El holocausto, dijeron diversos oradores en la sesión
plenaria, es la lección fundamental de la humanidad para armarse en defensa de
nuevos peligros que son constantes y siempre existirán. Desde un Slobodan
Milosevic genocida hasta un Jörg Haider que no lo ha sido pero muestra continua
comprensión hacia quienes lo cometieron durante el nazismo, los riesgos son
permanentes y la sociedad ha de mantenerse siempre en guardia, manifestaron. La
trivialización de los crímenes nazis que forma parte del mensaje político del
austriaco Haider es una de las señales de máxima alarma en Estocolmo.
Especialmente cuando la aritmética electoral resultante de las últimas
elecciones austriacas parece ya llevar inevitablemente a Viena a contar con un
Gobierno de coalición entre conservadores y el Partido Liberal (FPÖ) de Haider.
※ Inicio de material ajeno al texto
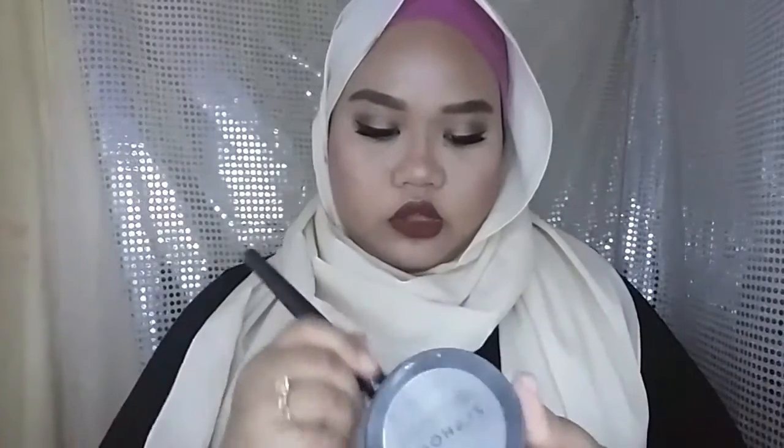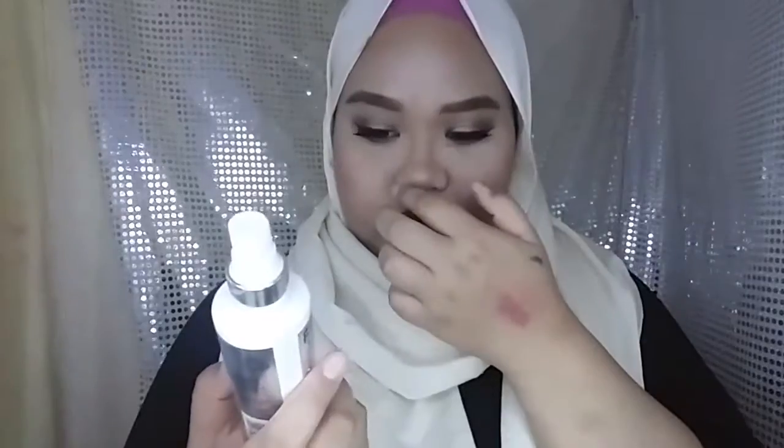I'm done! This is my updated face routine. After all of that, I use the Sephora pressed powder and dust it especially on my oily areas, then apply what's left on the brush all over my face. The last step is my fixing spray from Freedom — I just spray it all over my face, and that's it!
Klima había manifestado el miércoles a EL PAÍS que ya no contempla otra
posibilidad que la oposición para su partido, el socialdemócrata SPÖ. Klima
manifestó rotundo que él "jamás" entrará en una cooperación política
con Haider. En Estocolmo se habló sobre todo de los métodos de transmitir
información, conocimiento y movilización ética de las generaciones jóvenes en
contra de opciones políticas que se nutran, como la de Haider, de la xenofobia
y el odio. Diversos historiadores manifestaron que el hecho de que Haider o
Milosevic o cualquier líder de la extrema derecha no abracen abiertamente la
ideología nazi ni les exime de responsabilidad ni reduce el inmenso peligro
potencial de sus opciones políticas. La capitalización del voto de protesta y
del resentimiento social de los menos beneficiados o perjudicados por la
globalización económica es, sin duda, un fracaso de los partidos tradicionales
de izquierdas.
La lucha contra el olvido es un deber ciudadano que debe
transmitirse de generación en generación ahora que los últimos testigos
directos del holocausto están en las postrimerías de su vida. Como manifestó el
historiador alemán Gustav Heyn, las nuevas generaciones deben saber que sí era
posible elegir entonces entre la compasión y la ayuda a las víctimas por un
lado y el crimen o la indiferencia por el otro. El mito de que nadie sabía nada
y que nadie, aun de haberlo sabido, habría podido hacer nada para evitarlo, es
falso y una excusa de los que no actuaron contra la inhumanidad. Dicha lucha
contra el olvido es, dijo Persson, la única forma de movilizar la capacidad de
compasión de los seres humanos para que jamás vuelva a suceder algo parecido. Y
esta lucha comienza en la formación de los jóvenes para que "hagan frente
a los inicios" de estos movimientos del odio que surgen en todas las
sociedades y de las que son exponentes claros dictadores como Milosevic o
Pinochet, pero también políticos que capitalizan crisis para lanzar sus
propuestas populistas de desprecio, potencialmente criminales. Entre estos
últimos puede incluirse a Le Pen. Pero era ayer Haider quien estaba en boca de
todos porque tiene muy sólidas probabilidades de compartir Gobierno en una
democracia de la UE. Para todos, Haider es hoy la máxima señal de alarma.